As an aside: We live in a liminal space where LLM-optimized instructional content still approximately resembles human-friendly language. I wish an appeal to human-facing value was enough to incentivize organizations to invest in good documentation, but I’ll take what I can get.
So, what about ARIA that isn’t supported by assistive technology?
Right now I am pinning all my hopes on the Accessibility Compat Data Project (ACD). Until that dream becomes a reality—and even after it—I advise testing your digital experiences with actual daily assistive technology users.
And hey, maybe someone reading this post will help fund ACD’s vital efforts the same way Google was so quick to throw money at Tailwind.
This is all too much, I just don’t want my boss to get mad at me
The European Accessibility Act is a thing now. Many US-based companies also have important clients with EU-based data sovereignty.
Speaking in broad generalities, there are two things engineers are good at: making things easier for themselves, and creating a big stink when it’s not convenient to do so. Maybe it’s time to start making some noise on issue trackers.
While I have you, how should I stay on top of non-deterministic tools potentially breaking the vital underlying semantics of an experience every time they generate or regenerate code?
Man, I don’t know.
Won’t components created via structured data nip the non-deterministic problem in the bud?

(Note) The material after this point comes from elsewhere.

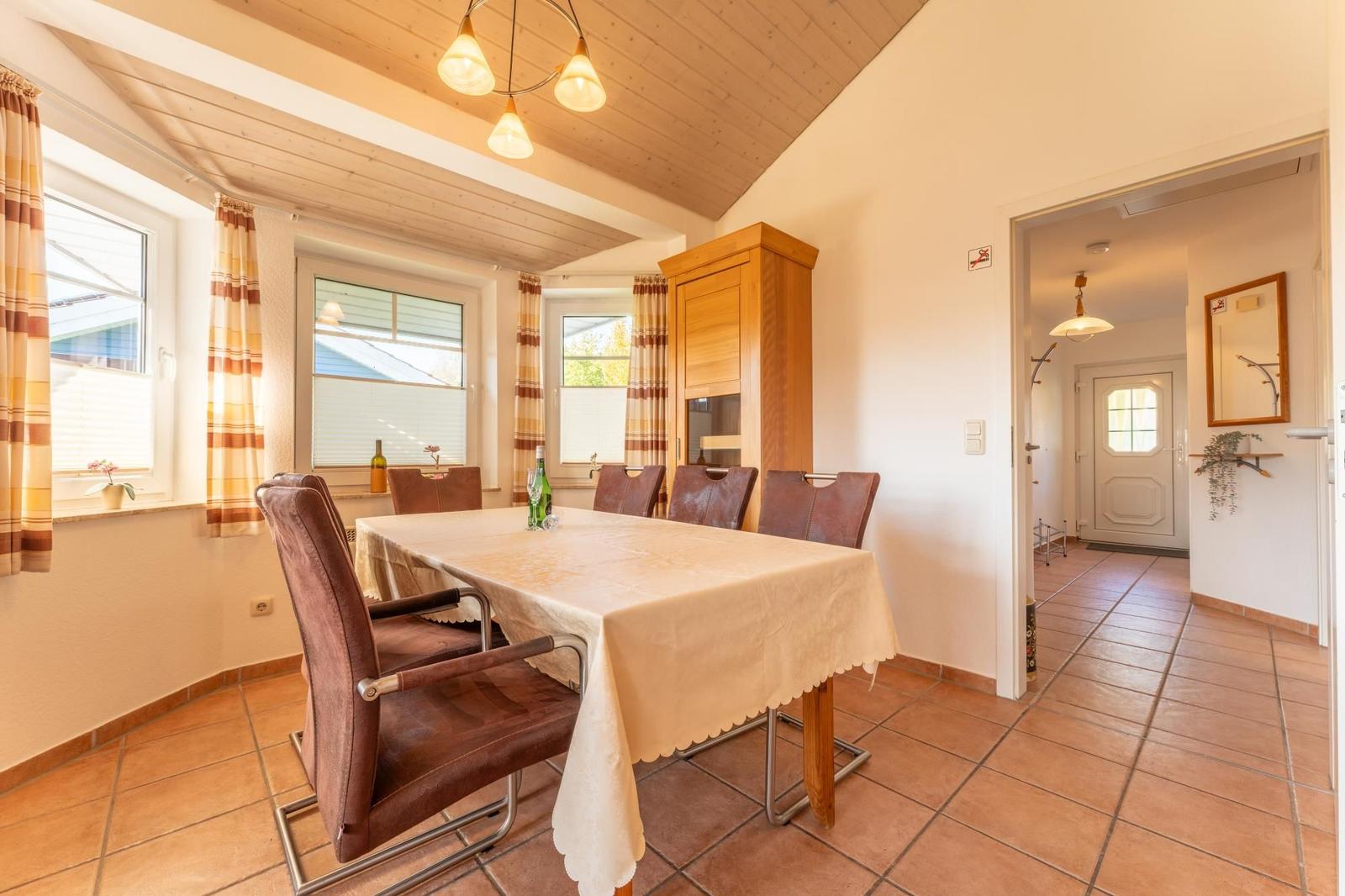Esszimmer mit Holzdecke, Tisch mit Tischdecke und Stühlen, Fenster mit Vorhängen.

Projects like json-render are interesting. But also know the problems intrinsic to what I’m outlining exist on levels deeper than most are willing to invest in addressing.

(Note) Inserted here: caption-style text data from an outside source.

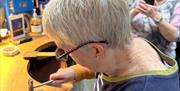 Two ladies in jewellery making workshop, one is hammering her piece of metal whilst the other takes a photograph on her phone.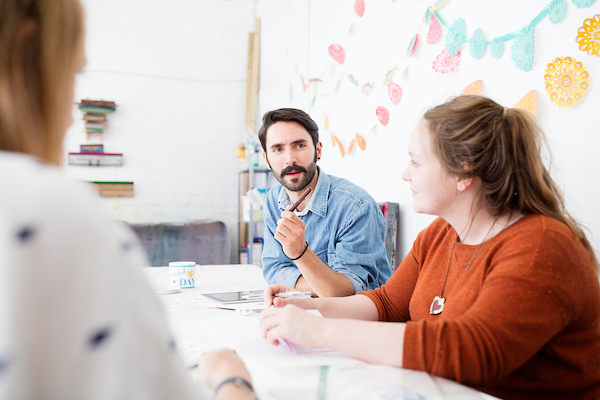 female and male designer having brainstorm meeting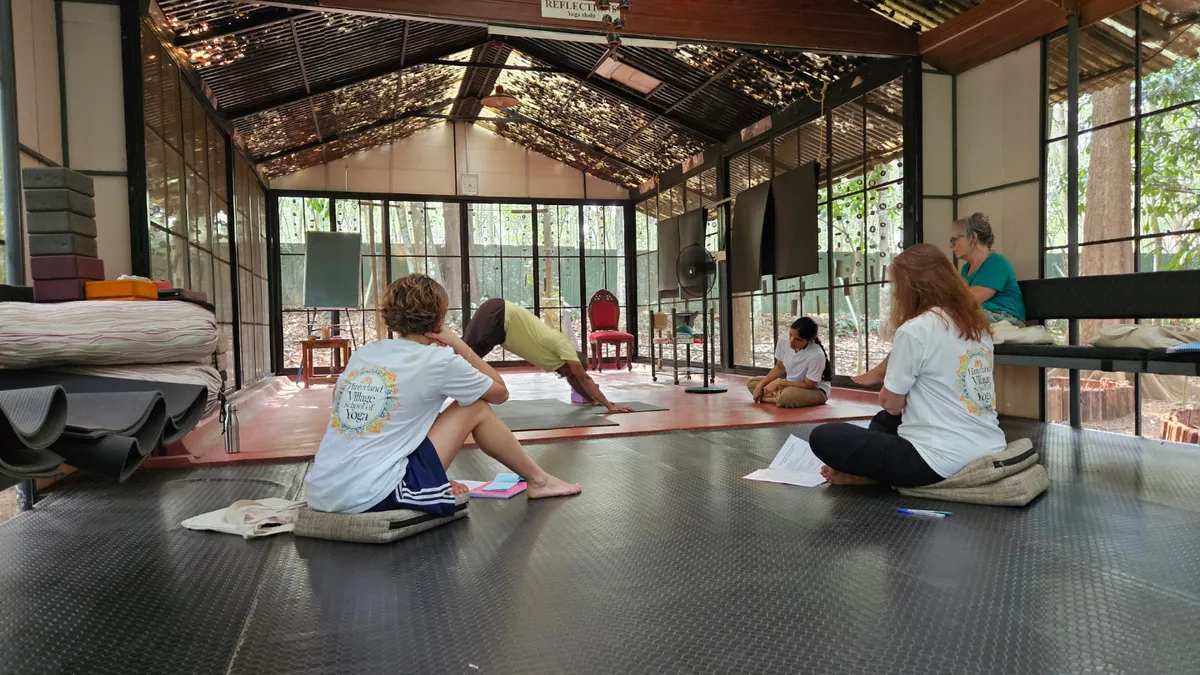 Silhouettes of people in a yoga pose outdoors facing a bright background.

And say, what about performance and security?
Accessibility and security operate similarly, at least in terms of organizational dynamics.
LLMs favor React, and React can be hacked now. So, this is a fun new battle between the forces of convenience and trust. And speaking of convenience: Performance is a lost battle, as far as I’m concerned.

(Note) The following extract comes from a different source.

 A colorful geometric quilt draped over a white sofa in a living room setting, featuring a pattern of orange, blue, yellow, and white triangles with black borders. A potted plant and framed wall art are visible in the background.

Don’t you think all of this is a moot point in a future where everything is agentically-operated?
That promised future—using a carnival ticket-based economy to push proprietary black box technology—seems to be perpetually right around the corner. Let’s also not forget that most of these companies are selling their vision of the future at a loss.
In the meantime we have actual websites and web apps that need to be worked on.
You seem kind of glum, what gives?
I am becoming increasingly more convinced the future of accessibility on the web will be both:
- An unwinnable Cold War arms race of reactive monkey patching to try and solve the all-gas-no-brakes, ever-increasing nondeterministic code changes problem with even more non-deterministic code, all the while contending with certain intractable realities.
- A larger performative dance of metrics-obsession that inserts an artificial layer between nominally satisfying legal and contractual obligations and the more important work of ensuring an experience is actually usable.
Are you spiraling?
Probably!
Harm reduction in the face of supposed inevitability
Pessimism of the intelligence, optimism of the will.
You’ll still be shepherding and deploying probabilistic munging. Hopefully now the shepherding and deploying are at least a tiny bit more directed.